Such hubris! Let’s begin today by correcting what is wrong.

1) This notion that certain people are born with sins while others are not. No. Either sins are original and we all have them, or they are learned and we all commit them. But either way, we all got them, from birth or not.

2) The idea that God does not listen to sinners (John 9:31). For starters, most of scripture is made up of sinners petitioning and praying to God and getting responses in return. Jesus himself tells us to knock and the door will be opened. And though sometimes the door doesn’t open as much as we would wish, he is still saying that you and me – all of us sinners — can talk and pray to God and that we will be heard.

3) “Never since the world began has anyone opened the eyes of a person born blind. If this man were not from God, he could do nothing (John 9:32).” Now this is mostly true, since Jesus is from God, and he can do a lot more than nothing! But while we don’t have other Biblical evidence of mud and spit healing people, we do have countless psalms and prophetic messages speaking of God opening eyes; as well 2 Kings 6 where God explicitly opens the eyes of those who had them previously shut.

4) “Neither this man nor his parents sinned; he was born blind so that God’s works might be revealed in him. (John 9:3).” Though it’s great that Jesus refutes that this man’s blindness was due to sin, allow me just a quick minute to speak a little bit on the danger of this text if read incorrectly. For if we were to take this as a global statement of truth – that he was born blind so that God’s works would be revealed in him – then this would suggest that kids who are born with non-functioning kidneys or some other terrible deformity or hardship, or into poverty or war-torn places still, are so because of a divine stroke of ego. It would further suggest that the traumas that we are subjected to are in some way authored by God, rendering us pawns in some cosmic game of chess. So no, I don’t believe that — that God authors our pain; nor that God predetermines for certain children to be born blind, hungry, or still. No.

Rather, I like to put greater emphasis on the word “might.” Such that it reads more correctly, in my opinion, “he was born blind so God’s works might be revealed in him.” God did not make him blind, nor offer a guarantee that all will be healed or revealed in this fallen world. But it is possible, that through him, something surprising may happen…Much like my sermon last week, when I talked about my time with the Compassionate Friends group, how even in their suffering they have found hope, I believe that God is present and working in places where both traumas and sins are apparent; and in those workings and in those places, surprising characters, like the blind man in our story, mayemerge and possibly show us and teach us things that we would otherwise be too blind to see and too stubborn to learn from.

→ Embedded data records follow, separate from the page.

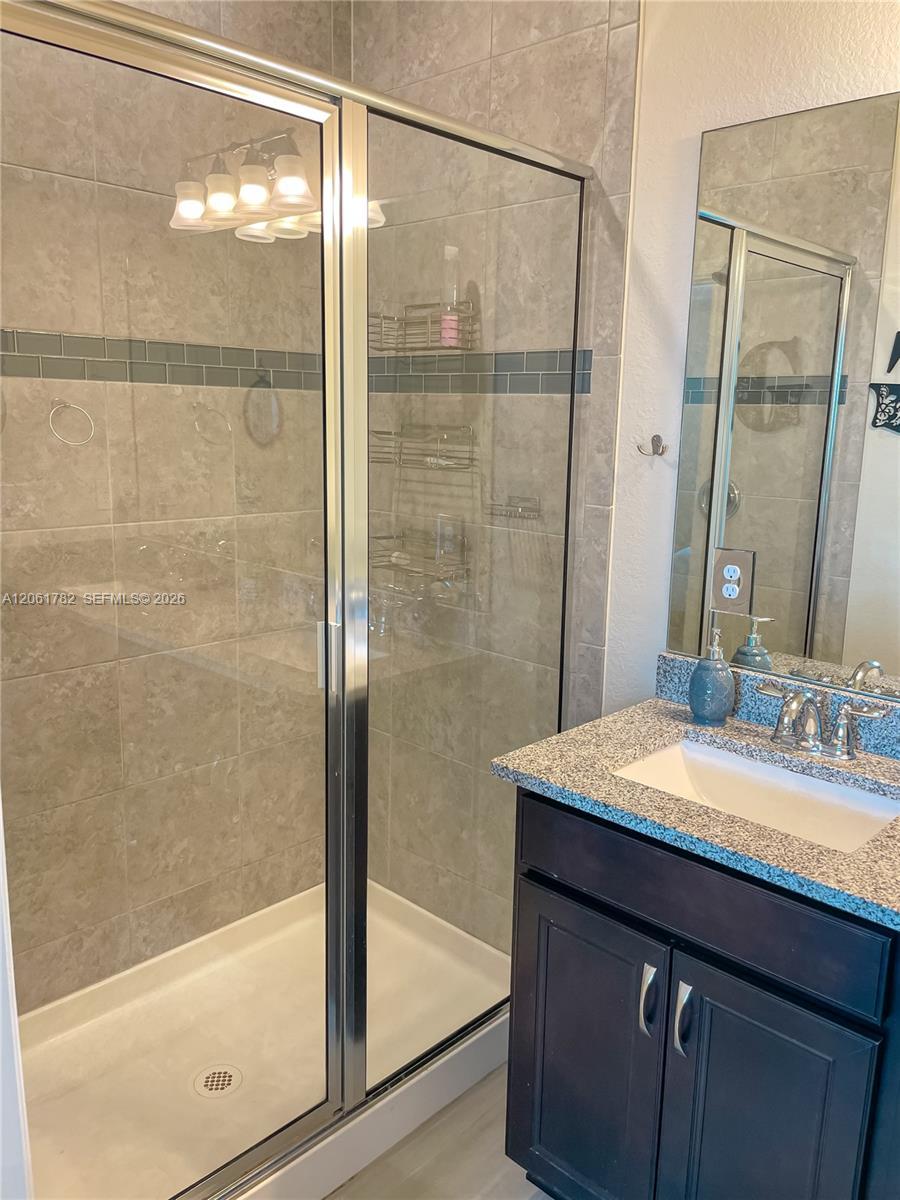 5100 Eucalyptus Dr # 2, Hollywood FL 33021 photo 4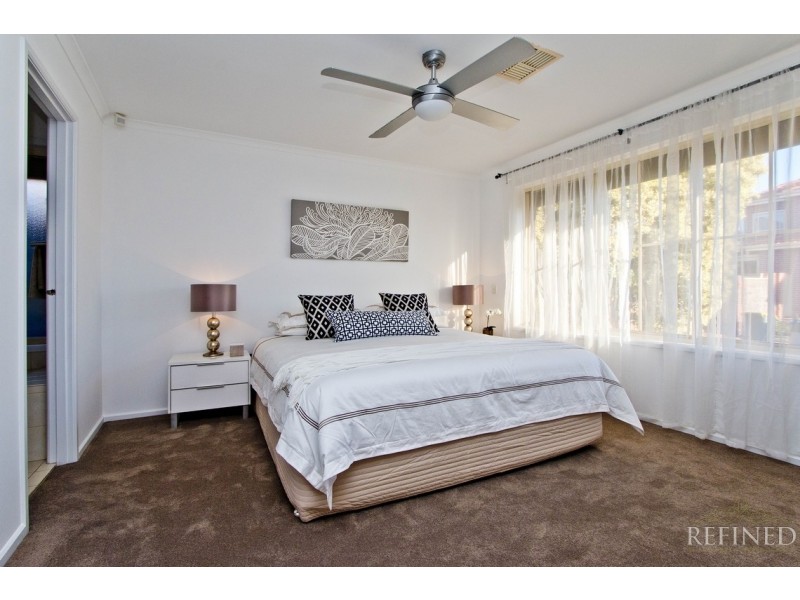 16 Polynesia Grove, West Lakes SA 5021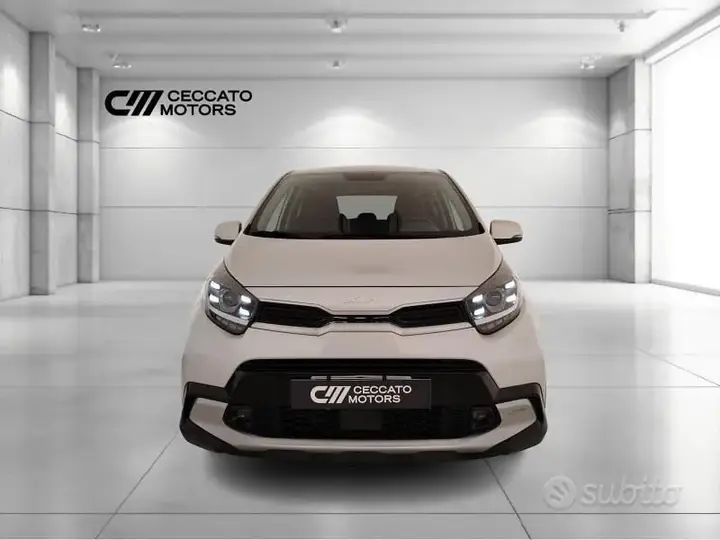 Kia Picanto 2022 photo 2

For instance… years ago when I was a teenager, I was a royal pain in the butt. I was a frustrated curmudgeon even though I was only 15. I would wear these Jesus T-Shirts to high school, I would doodle these little crosses on my hands; and I would carry a little pocket Bible in my backpack and place it on my desk for everyone else to see. And although I didn’t see it then, in truth it was all a farce to protect my fragile sense of self, as I used each as a weapon to judge others. It is true. “You who were entirely born in sins, are you trying to teach me?” — this was how I reasoned, and what I thought of my peers. I was a Pharisee without the education. …I never really went to youth group; I thought they were phony. I never went to a Bible study; what else could I learn? I never went on a work project or a service trip; because my heart was already pure and that was works enough. All lies of course. But at that time, those were my “truths.”

Well one day, a new Youth Minister came to our church and said I should join them on a mission trip to the Dominican Republic. My first thought was “yeah, right. With all of them? Plus, they’ve got those mosquitoes and spiders down there, so, thanks but no thanks.” And though I was steadfast and stubborn, she started to work on me, and some months later, I ended up packing my Jesus T-Shirts, my pocket Bible, and my pen for crosses, and went with them down to the DR.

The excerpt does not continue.